• **Information supplied**

_ _ _

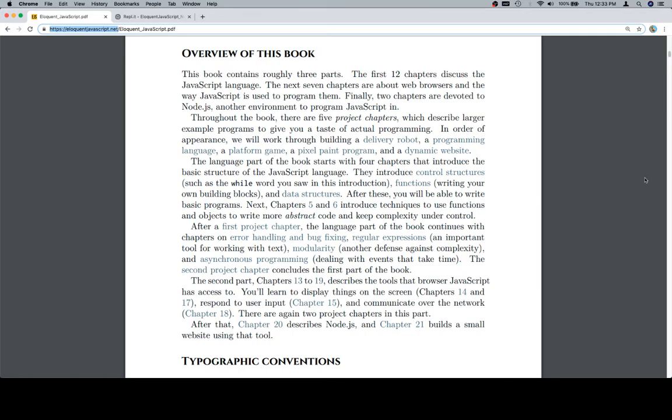The second part, chapters 13 to 19, describe the tools that browser JavaScript has access to. You'll learn to display things on the screen, chapters 14 and 17, respond to user input, chapter 15, and communicate over the network, chapter 18. There are again two project chapters in this part.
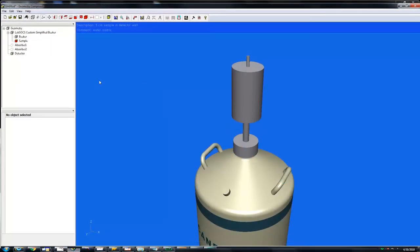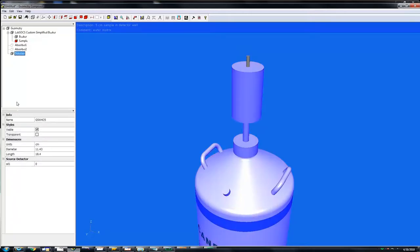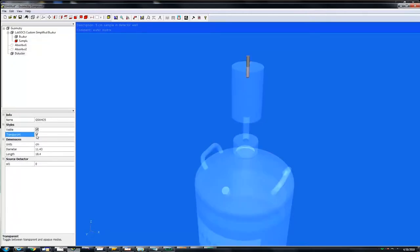Click on the detector to open up parameters. Click the checkbox next to the word transparent. Now we can see the container clearly within the well of the detector.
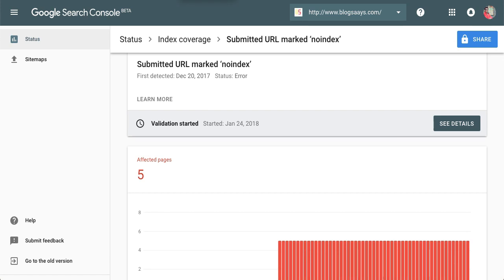Hello everyone, today we're going to discuss index coverage issues notified in your Google Search Console. There are certain kinds of index coverage issues Google notifies in your Search Console. You might encounter submitted URL marked as no index.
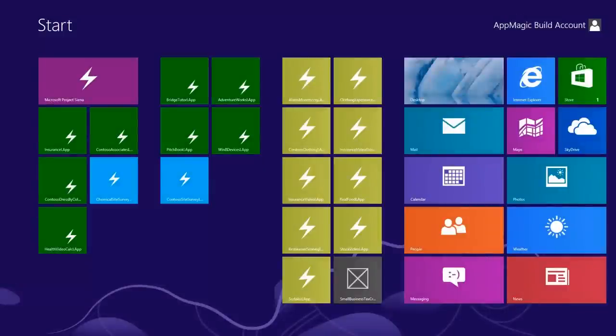Hi, my name is Ben Hodes, Senior Program Manager for Project Sienna, and today I wanted to walk through building one of our favorite apps, AdventureWorks. So let's take a look.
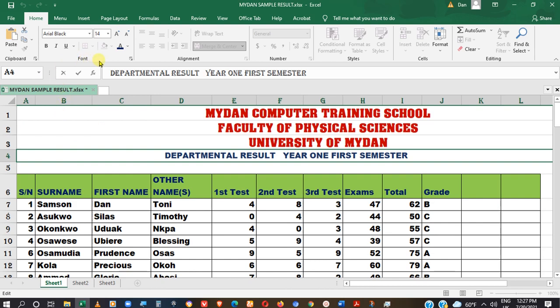This is called the Font group, for example, under the Home tab. You can also see Alignment, Numbers, and many more. They are organized in logical groups which are collected together under a tab. In each of these, there are related ribbons that can help you execute a particular task.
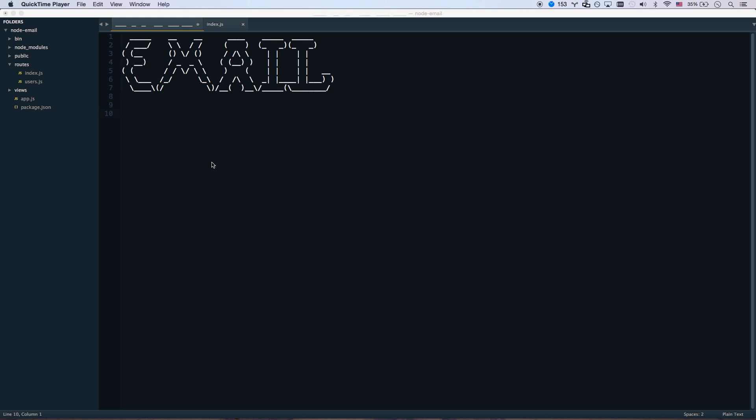If you've never sent email from a web application, that can be a daunting idea at first, but it's actually really easy. We're going to show you how to send email from a Node.js application. The process is very similar for a PHP or Ruby on Rails app, but since I've been doing Node tutorials, we're going to stick to this.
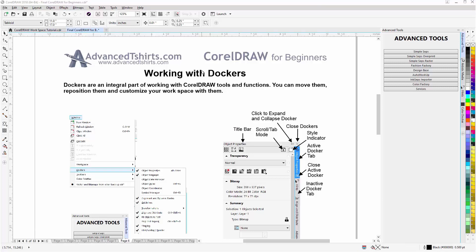In this video we're going to take a look at working with dockers. Dockers are an integral part of the CorelDRAW workspace and they provide access to many of the tools and functions in CorelDRAW. And you can also move them, reposition them, and customize your workspace with them.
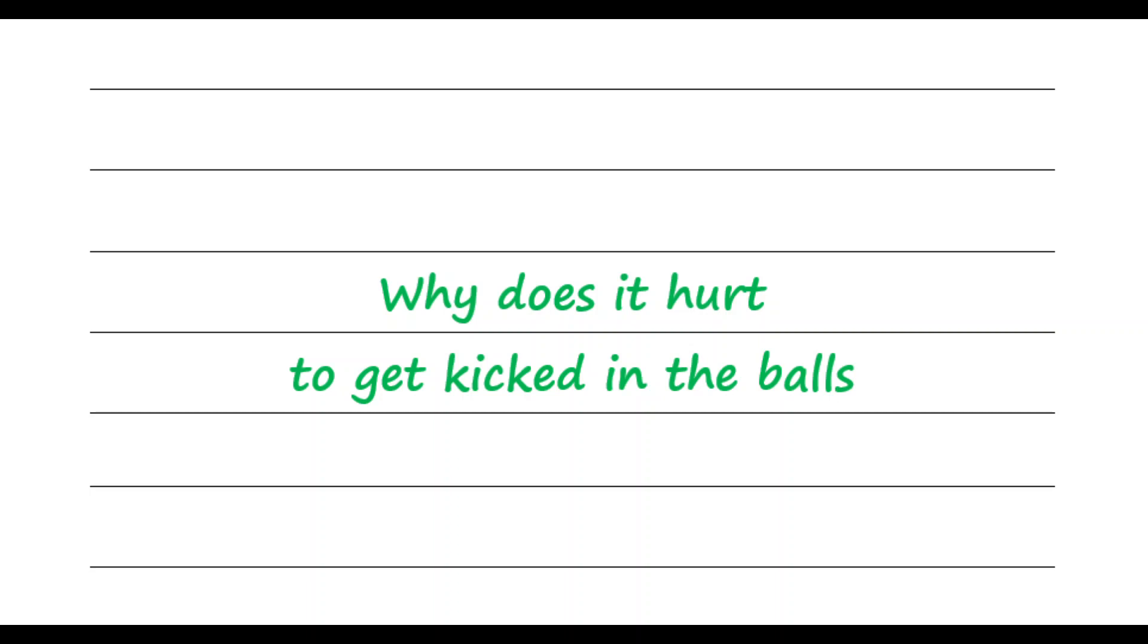This week's question is, why does it hurt to get kicked in the balls? You know how good it feels when someone touches or plays with your balls? That's because of the number of nerve endings you have in them.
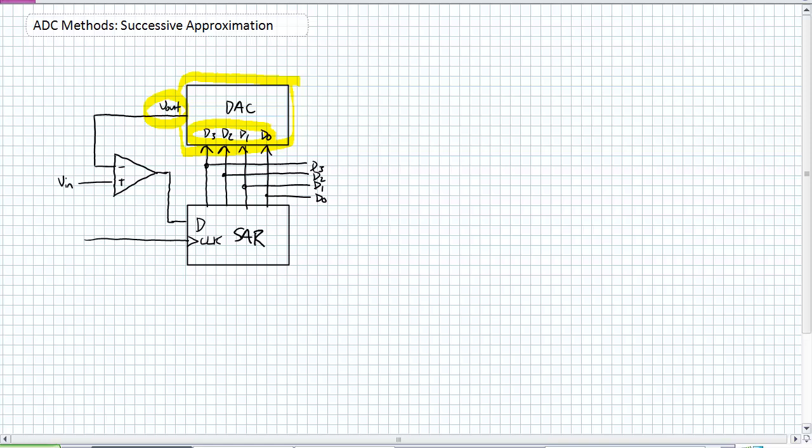I've got an input voltage being fed into a comparator. Our Successive Approximation Register is going to start at the MSB and say 1, all the other ones are 0. So what is the input to my digital to analog converter? It's 1000. And it's going to ask the question, is it an 8? It's going to have that 8 volts being fed back in there. And that comparator is going to say, yes, it's greater than 8 volts, or no, it's not.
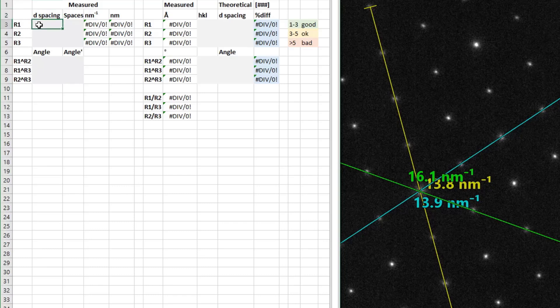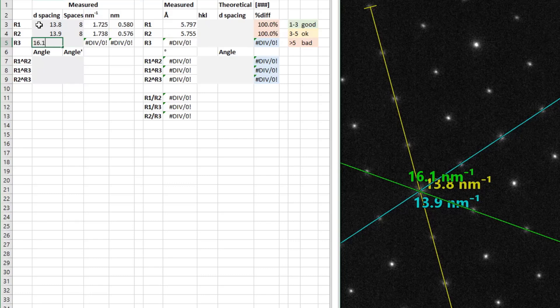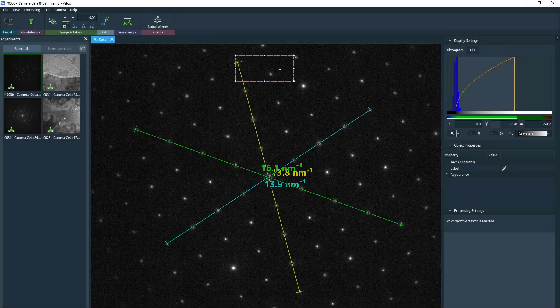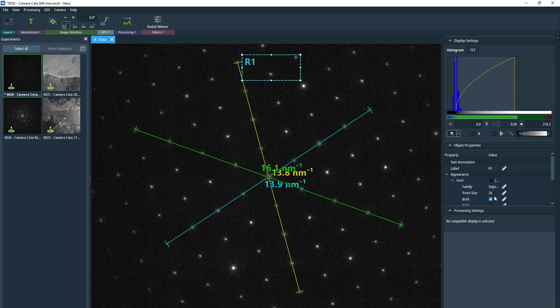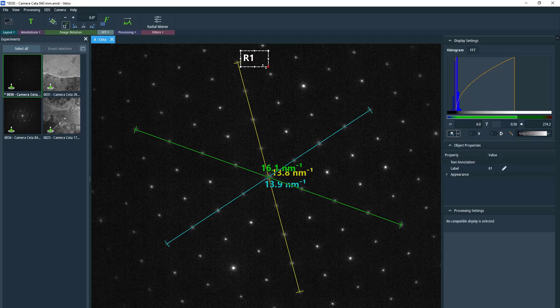So once we have possibilities, I have an Excel spreadsheet that I use to auto-calculate my D-spacings based on the output from VLOX. Because VLOX outputs in inverse nanometers, I have it auto-correct for that. Because I also measure through multiple spots to make it more accurate, I go ahead and average out that or divide by the number of spaces. I'm just typing in the measurements that I had, and then we can type in the theoretical values. Once we have the actual D-spacings, we can then assign these to R1, R2, R3.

_ _ _

• **Task instructions**
Output everything in the records exactly, leaving pictures out.

• **Answer**
The second part, chapters 13 to 19, describe the tools that browser JavaScript has access to. You'll learn to display things on the screen, chapters 14 and 17, respond to user input, chapter 15, and communicate over the network, chapter 18. There are again two project chapters in this part.
Click on the detector to open up parameters. Click the checkbox next to the word transparent. Now we can see the container clearly within the well of the detector.
Hello everyone, today we're going to discuss index coverage issues notified in your Google Search Console. There are certain kinds of index coverage issues Google notifies in your Search Console. You might encounter submitted URL marked as no index.
Hi, my name is Ben Hodes, Senior Program Manager for Project Sienna, and today I wanted to walk through building one of our favorite apps, AdventureWorks. So let's take a look.
This is called the Font group, for example, under the Home tab. You can also see Alignment, Numbers, and many more. They are organized in logical groups which are collected together under a tab. In each of these, there are related ribbons that can help you execute a particular task.
If you've never sent email from a web application, that can be a daunting idea at first, but it's actually really easy. We're going to show you how to send email from a Node.js application. The process is very similar for a PHP or Ruby on Rails app, but since I've been doing Node tutorials, we're going to stick to this.
In this video we're going to take a look at working with dockers. Dockers are an integral part of the CorelDRAW workspace and they provide access to many of the tools and functions in CorelDRAW. And you can also move them, reposition them, and customize your workspace with them.
This week's question is, why does it hurt to get kicked in the balls? You know how good it feels when someone touches or plays with your balls? That's because of the number of nerve endings you have in them.
I've got an input voltage being fed into a comparator. Our Successive Approximation Register is going to start at the MSB and say 1, all the other ones are 0. So what is the input to my digital to analog converter? It's 1000. And it's going to ask the question, is it an 8? It's going to have that 8 volts being fed back in there. And that comparator is going to say, yes, it's greater than 8 volts, or no, it's not.
So once we have possibilities, I have an Excel spreadsheet that I use to auto-calculate my D-spacings based on the output from VLOX. Because VLOX outputs in inverse nanometers, I have it auto-correct for that. Because I also measure through multiple spots to make it more accurate, I go ahead and average out that or divide by the number of spaces. I'm just typing in the measurements that I had, and then we can type in the theoretical values. Once we have the actual D-spacings, we can then assign these to R1, R2, R3.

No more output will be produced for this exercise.